The term ‘multimodality’ dates from the 1920s. It was a technical term in the then relatively new ﬁeld of the psychology of perception, denoting the eﬀect diﬀerent sensory perceptions have on each other. An example of this is the so-called McGurk eﬀect: if people are shown a video of someone articulating a particular syllable, e.g. /ga/, while hearing another syllable, e.g. /ba/, they perceive neither /ga/, nor /ba/, but /da/ (Stork 1997: 239). In other words, perception is multimodal. It integrates information received by diﬀerent senses. More recently, linguists and discourse analysts have taken up the term, broadening it to
denote the integrated use of diﬀerent communicative resources, such as language, image, sound and music in multimodal texts and communicative events.

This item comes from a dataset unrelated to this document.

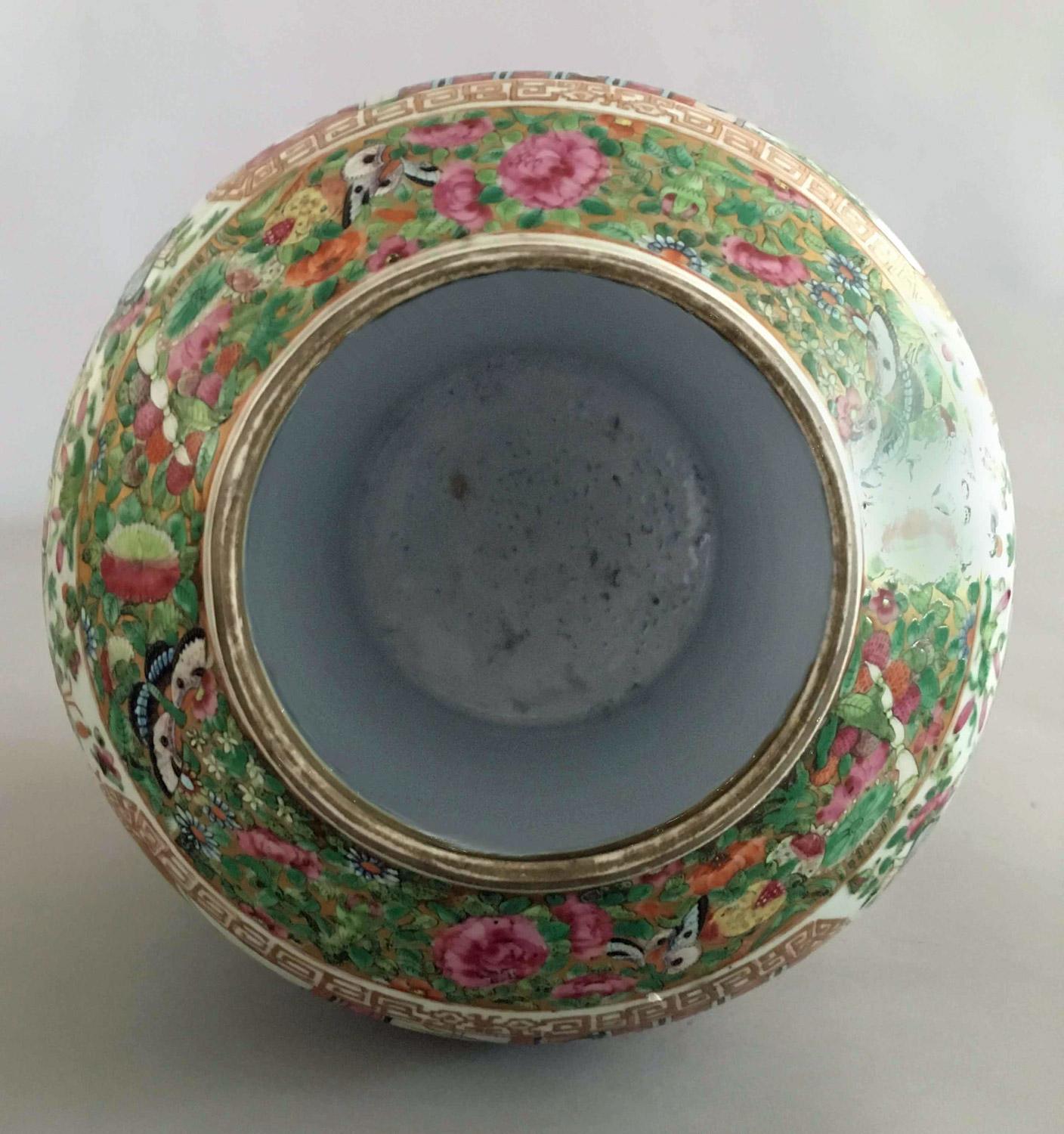 Antique Chinese Large Famille Rose Vase with Lid For Sale 1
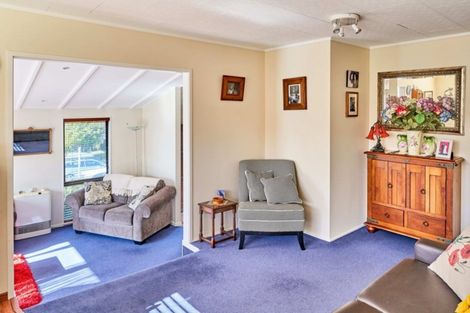 Photo of property in 75 Omapere Street, Whitby, Porirua, 5024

As soon as they had begun to study texts and communicative events rather than isolated sentences, they realized what they should have known all along: that communication is multimodal; that spoken language cannot be adequately understood without taking non-verbal communication into account; and that many forms of contemporary written language cannot be adequately understood unless we look, not just at language, but also at images, layout, typography and colour. In the past twenty or so years this led to the development of multimodality as a ﬁeld of study investigating the common as well as the distinct properties of the diﬀerent modes in the multimodal mix and the way they integrate in multimodal texts and communicative events. It is not diﬃcult to see why such a ﬁeld of study should have developed. From the 1920s
onwards, public communication had become increasingly multimodal. Film had changed acting, enlarging subtle aspects of non-verbal communication, and so inﬂuencing how people talk and move and smile the world over. Later, television had made non-verbal communication a decisive factor in politics, most famously in the televised debate between Nixon and Kennedy. Writing, too, had become multimodal, as illustrations and layout elements such as boxes and sidebars broke up and reshaped the pages of books and magazines. Like scholars in other ﬁelds of study, linguists took notice. In the course of the twentieth century, several schools of linguistics engaged with communicative modes other than language. The ﬁrst was the Prague School, which, in the 1930s and 1940s, extended linguistics into the visual arts and the non-verbal aspects of theatre, and which included studies of folklore, and collaborations
with avant-garde artists (see, for example, Matejka and Titunik 1976). Paris School structuralist semiotics of the 1960s also used concepts and methods from linguistics to understand communicative modes other than language. Largely inspired by the work of Roland Barthes, it mostly focused on analyses of popular culture and the mass media, rather than on folklore or avant-garde art (e.g. Barthes 1967, 1977, 1983). In roughly the same period, American linguists began to take an interest in the multimodal analysis of spoken language and non-verbal communication. Birdwhistell (e.g. 1973) developed an intricate set of tools for analyzing body motion, and Pittenger et al. (1960) published a highly detailed and groundbreaking multimodal analysis of the ﬁrst ﬁve minutes of a psychiatric interview. In the late 1960s, conversation analysis replaced the 16mm ﬁlm sound camera with the cassette recorder as the research tool of choice, which diminished attention to non-verbal communication, although some scholars in this tradition have, more recently, re-introduced it (Ochs 1979; Goodwin 2001). A fourth school emerged in the 1990s. Inspired by the linguistics of M. A. K. Halliday (1978, 1985), it was this school which adopted and broadened the term ‘multimodality’, and introduced it into applied linguistics, and especially into the study of language and literacy in education. More recently a further approach, mediated discourse analysis, inspired by the work of Ron and Suzie Scollon (2003, 2004), returned to American micro-analysis of social interaction, but in a new way, linking it to the wider social and political context, and adding a new emphasis on technological mediation (see, for example, Jones 2009). By now, multimodality has its own bi-annual conference and a range of edited books
(e.g. O’Halloran 2004; Ventola et al. 2004; Levine and Scollon 2004; Norris and Jones 2005; Unsworth 2008; Jewitt 2009), and it is regularly included in handbooks and encyclopedias of linguistics, discourse analysis, visual communication and so on. Although it encompasses a number of distinct theoretical and methodological approaches, it has nevertheless remained a united ﬁeld of study, with productive dialogue and mutual inﬂuence between the diﬀerent ‘schools’ (cf. Jewitt 2009, for a more extensive overview of the diﬀerent approaches in the ﬁeld).